The first misunderstanding has to do with thinking it has to do with the one who is celebrating it or presiding at it. We have a lot of thinking that it depends on the minister: We can only celebrate the Lord’s Supper if we have an ordained pastor! That simply isn’t the case. This is an ancient battle and goes back into the Third and Fourth centuries. It was a time of persecution of Christians. During the persecution some pastors and priests fell into denying Christ. Then after the persecution was over and they repented, the question was: Could they once again be clergy? After all, they had denied Christ, and the name for them was “traditor” or traitor. Could they celebrate Baptisms and the Lord’s Supper?
The church thought about this and said, “Yes,” because celebrating doesn’t depend on the one doing it. Otherwise we’d never know if the Baptism or if the Lord’s Supper really did what they do, because you don’t know what the celebrant is thinking. He might be a person who is denying Christ. We would never be sure about what God is doing in the sacrament. It doesn’t depend on the minister; it depends on God’s Word.
And yet we fall into that trap all the time. It happens among us Lutherans. We let anybody preach, but only the ordained celebrate the Lord’s Supper. It should be the other way around. It’s hard to spoil the Lord’s Supper, but it’s easy to fumble when preaching.
The second way we misunderstand the Lord’s Supper has to do with the person receiving it. We fall into the trap of saying: “You have to be somebody who is good.” Even though we know very well it doesn’t have to do with our goodness, we think the good people are those who go to church, and only good people can go to the Lord’s Supper.
We misunderstand 1 Cor 11:27 which states: “Whoever, therefore, eats the bread or drinks the cup of the Lord in an unworthy manner will be guilty of profaning the body and blood of the Lord.” We mistake what is meant here about being “worthy.” It really means the opposite: Those who go to the Lord’s Supper and receive are not those who are “worthy” and “good,” but those who come because they have a sense of what this is all about. It’s those outside of the congregation who think they’re good.
In the third place, the Lord’s Supper also doesn’t depend on how you do it. Probably most of us haven’t seen the opera, Parsifal. It’s six hours long! But with modern lighting and staging you can imagine the drama at the climactic discovery of the Holy Grail: The lights go down, except for a spotlight on the Holy Grail, the cup which glows in a mystical way. It’s quite an experience.

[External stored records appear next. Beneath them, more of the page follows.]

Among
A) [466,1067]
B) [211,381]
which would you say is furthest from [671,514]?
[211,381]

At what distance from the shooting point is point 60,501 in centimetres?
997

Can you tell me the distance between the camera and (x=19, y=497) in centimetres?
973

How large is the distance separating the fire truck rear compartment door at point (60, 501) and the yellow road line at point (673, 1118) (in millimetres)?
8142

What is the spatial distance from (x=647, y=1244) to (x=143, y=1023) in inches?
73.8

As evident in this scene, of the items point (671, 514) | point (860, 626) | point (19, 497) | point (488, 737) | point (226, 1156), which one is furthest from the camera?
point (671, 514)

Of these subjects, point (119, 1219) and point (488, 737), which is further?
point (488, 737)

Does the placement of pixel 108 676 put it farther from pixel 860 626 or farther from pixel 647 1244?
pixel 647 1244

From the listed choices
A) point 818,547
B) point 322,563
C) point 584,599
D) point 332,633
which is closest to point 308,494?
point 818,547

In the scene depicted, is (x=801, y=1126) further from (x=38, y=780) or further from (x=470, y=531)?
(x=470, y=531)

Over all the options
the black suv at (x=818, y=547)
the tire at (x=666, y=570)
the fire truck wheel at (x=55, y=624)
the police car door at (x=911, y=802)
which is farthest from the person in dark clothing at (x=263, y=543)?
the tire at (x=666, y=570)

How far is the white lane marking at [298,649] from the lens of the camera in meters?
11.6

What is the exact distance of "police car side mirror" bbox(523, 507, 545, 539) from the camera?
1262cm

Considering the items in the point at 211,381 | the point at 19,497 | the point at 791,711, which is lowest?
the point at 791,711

How do we make it happen? Just as we can fall into the trap called receptionism, that it depends on us, so we can fall into ritualism: It depends on the ritual. It depends on doing it just exactly right. A pastor, tired at the end of the second service one Sunday, as he was distributing the wine, said: “The body of Christ broken for you.” The pastor didn’t do it right! Oh, no. But it’s not a crisis.
Some say: You have to use a loaf of bread instead of wafers. You have to use real wine. What about grape juice? In the Roman Catholic Church, because they have a problem with the priests and alcohol, they made an inquiry to the company, Concord Grape Juice: Could they produce a grape juice that had just a little bit of wine in it? The company responded: The ordinary grape juice you buy in the grocery store already has a fraction of alcohol, and therefore you can use it for communion.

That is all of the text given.